An Iterative Process for Dictionary Construction

This paper draws on previously identified irregular keyword frequency typologies of catastrophic disasters and early machine-assisted lexicographic methods to synthesize a technique for assisting in the analysis of a massive – and potentially expanding – corpus of text. It is hoped that Key Word In Context (KWIC) and collocation queries, first developed for quantitative text analysis, can be repurposed as steps in an iterative cycle and used to assist qualitative researchers in pattern-recognition and subject-specific dictionary construction.

The proliferation of consumer-grade computing equipment and digital information networks has resulted in an explosion of instantaneously available textual data, the flood of which has undermined received knowledge of opinion-formation in modern mass society, including broadcast-era models of mass persuasion, framing and agenda setting. The relative decline in influence of the American Big Three TV networks has led some researchers to suggest the arrival of a “New Era of Minimal Effects” (Bennett & Iyengar, 2008) in which swarms of micro-media cumulatively exert more influence than the media behemoths of the mid-20th Century. The Information Age – an era in which the daily production of audio, visual and textual data exceeds that which can be consumed in a rapidly increasing number of lifetimes – offers media researchers an effectively infinite body of research material while overwhelming most traditional, labour-intensive, content analysis systems.

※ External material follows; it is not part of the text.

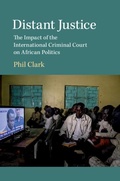 Cover: Distant Justice - Cambridge University Press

A Brief History of Machine-Assisted Content Analysis

The practice of content analysis has gone through three distinct methodological eras, each enabled by technological developments – the pre-machine era, the mainframe era and the distributed/desktop era. While the technical capabilities of each era are remarkably different, the theoretical questions remain substantively unchanged. Despite decades of research into automatic translation and artificial intelligence, the challenges of machine-assisted textual analysis today are essentially the same as those faced by researchers in the 1960s and 1970s: the application of automatic processes to the analysis of natural language texts saves human labour while sacrificing comprehension. Because computers still cannot reliably understand unknown phrases, differentiate homographs or parse metaphors (Diefenbach, p.15), it is safe to say that machines which understand language remain the unrealized promise of computational linguistics.

In the pre-machine era researchers used teams of assistants to measure column inches and count word frequency in newspaper clippings. In the mainframe era, content analysis was assisted by machines which processed large volumes of text rapidly, but was hampered by the high costs of processing power, data input and storage: Optical character recognition (OCR) equipment cost upwards of $1.3 million (Diefenbach, p. 19), rented time on mainframe computers cost around $75 an hour (Stewart, n.d.), and two “technological feasibility studies of computer analysis of media content” found that “a large-scale project would cost $3 million per billion words” (Diefenbach, p. 19).

By the early 21st century, Moore’s law had driven the cost of computer processing down low enough that consumer-grade desktop computers out-performed earlier mainframe super-computers and, while retail OCR software cost less than most textbooks, online article databases (e.g. LexisNexis and Canadian Newsstand) and internet news sources effectively eliminated the need to input print media. At present, the proliferation of UNIX-clone operating systems (e.g. Linux, FreeBSD and MacOS X) has made it possible for virtually anyone to program equivalents to mainframe era applications and conduct multi-billion word content analysis projects on consumer grade computers.

While Diefenbach identifies “two types of computer-assisted content analysis systems” (Diefenbach, 2001, p.17) – those providing word counts and those using pre-set dictionaries – we can usefully subdivide further into those systems which (1) count word frequencies or (2) identify collocation or concurrence of words, and those which (3) score texts with pre-coded dictionaries or (4) compare one text with another. A fifth approach, presently enjoying a renaissance in the field of computer science, involves translating Structuralist theories of linguistics into software and using those models to parse grammar and identify the relationships between words in a text. While the first four approaches are well explored and their limits are generally recognized, the complexity of the fifth approach and the controversial nature of the underlying theories of meaning are sufficient to exclude it from the present project.